Intermittents, chômeurs, fragilisés en tous genres sont en général de « bons clients » pour les médias. Ces derniers sont en revanche beaucoup moins diserts lorsqu’il s’agit de parler de leurs ouailles : les journalistes. Tous ne sont pas des hommes troncs présentant le 20 heures pour un salaire annuel à 6 chiffres.
La FSJ estime ainsi que près de 10% des journalistes suisses sont au chômage. Cette activité est donc l’une des plus sinistrées de l’économie suisse, qui connaît actuellement un taux de chômage global de plus de 3 %. 
Dans les médias le régime minceur est, lui, toujours à l’ordre du jour. Selon la FSJ, quelque 600 journalistes sont actuellement inscrits au chômage. Il faut également ajouter les journalistes qui ont changé de profession et les indépendants en difficulté.
La nouvelle loi sur le chômage a essayé de pallier aux besoins particuliers des contrats de durée limitée en offrant des règles spéciales pour le calcul des 12 mois travaillés. Le fait d’accepter des engagements courts ne défavorise plus les assurés. Si, dans le cadre de deux ans, on peut justifier de six contrats d’une durée d’un mois, le droit à l’indemnisation est acquis ; en fait un emplâtre sur une jambe de bois.
Quel avenir pour la profession ? Les instituts de journalisme ne désemplissent pas, les restructurations économiques sont devenues une règle, la rentabilité des médias une véritable religion, comme dans beaucoup de domaines, que reste-t-il ? Probablement la foi et l’envie de partager avec les lecteurs. A vos plumes !

Eclairage

Caricatures de Mohamed:

Une liberté de presse mal définie !*

Les Libres ont mis en débat scientifique et déontologique l’affaire des caricatures de Mohamed. « On dit souvent « la liberté d’expression, on ne touche pas » c’était au centre de débat, or cette liberté est limitée aujourd’hui par certains nombres de loi et de codes déontologique. » explique Sylvie Arsever.
Ihsan Kurt

Beaucoup d’encre a coulé après la publication des caricatures de Mohamed dans le journal danois Jyllands Posten le 30 septembre dernier. Beaucoup d’amalgames ont été faits autour « de l’affaire des caricatures ». A part des débats médiatiques, les milieux académiques aussi ont débattu encore une fois «la religion, la laïcité et la liberté de la presse ». Les journalistes libres romands ( JRL) (un groupe de travail d’Impressum) a organisé une conférence sur « La liberté de la presse et ses limites » le 8 mars dernier à Lausanne.

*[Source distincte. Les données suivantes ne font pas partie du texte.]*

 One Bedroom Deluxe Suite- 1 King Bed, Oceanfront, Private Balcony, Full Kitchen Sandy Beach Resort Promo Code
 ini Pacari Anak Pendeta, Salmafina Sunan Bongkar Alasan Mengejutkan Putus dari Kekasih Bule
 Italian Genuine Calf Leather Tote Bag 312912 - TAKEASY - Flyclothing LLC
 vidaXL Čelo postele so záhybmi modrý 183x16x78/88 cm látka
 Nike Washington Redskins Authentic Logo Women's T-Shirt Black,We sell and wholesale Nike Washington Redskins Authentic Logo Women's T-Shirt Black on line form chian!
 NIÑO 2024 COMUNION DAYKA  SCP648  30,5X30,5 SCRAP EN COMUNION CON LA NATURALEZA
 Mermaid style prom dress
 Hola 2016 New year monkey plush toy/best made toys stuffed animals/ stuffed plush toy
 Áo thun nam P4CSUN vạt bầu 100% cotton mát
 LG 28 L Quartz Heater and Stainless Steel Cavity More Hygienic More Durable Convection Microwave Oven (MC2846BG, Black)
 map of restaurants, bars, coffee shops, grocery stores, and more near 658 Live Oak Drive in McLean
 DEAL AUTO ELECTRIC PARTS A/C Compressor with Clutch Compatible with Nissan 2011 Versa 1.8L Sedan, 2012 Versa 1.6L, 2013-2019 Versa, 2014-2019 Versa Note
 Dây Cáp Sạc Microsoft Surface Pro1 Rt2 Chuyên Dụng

Comme l’actualité de la liberté de presse de ce moment concernait les caricatures du Prophète de l’islam, les intervenants, soient le professeur de Linguistique à l’Université de Neuchâtel (UNINE) et Sylvie Arsever, journaliste, Vice- présidente du Conseil suisse de la presse, ont fait leur exposé sur les caricatures de Mohamed publiées dans le journal danois et les réactions violentes des mouvements islamistes dans le monde. « J’ai eu le sentiment que les médias comme les fleurs au fusil ont défendu les caricaturistes. Ils ont pris en cheval de bataille de la liberté de presse » dit le professeur de Saussure. Et Sylvie Arsever constate que  la liberté de presse est considérée comme quelque chose qu’on ne touche pas, « Pourtant elle est limitée par un certain nombre de lois et de codes déontologiques » dit-elle.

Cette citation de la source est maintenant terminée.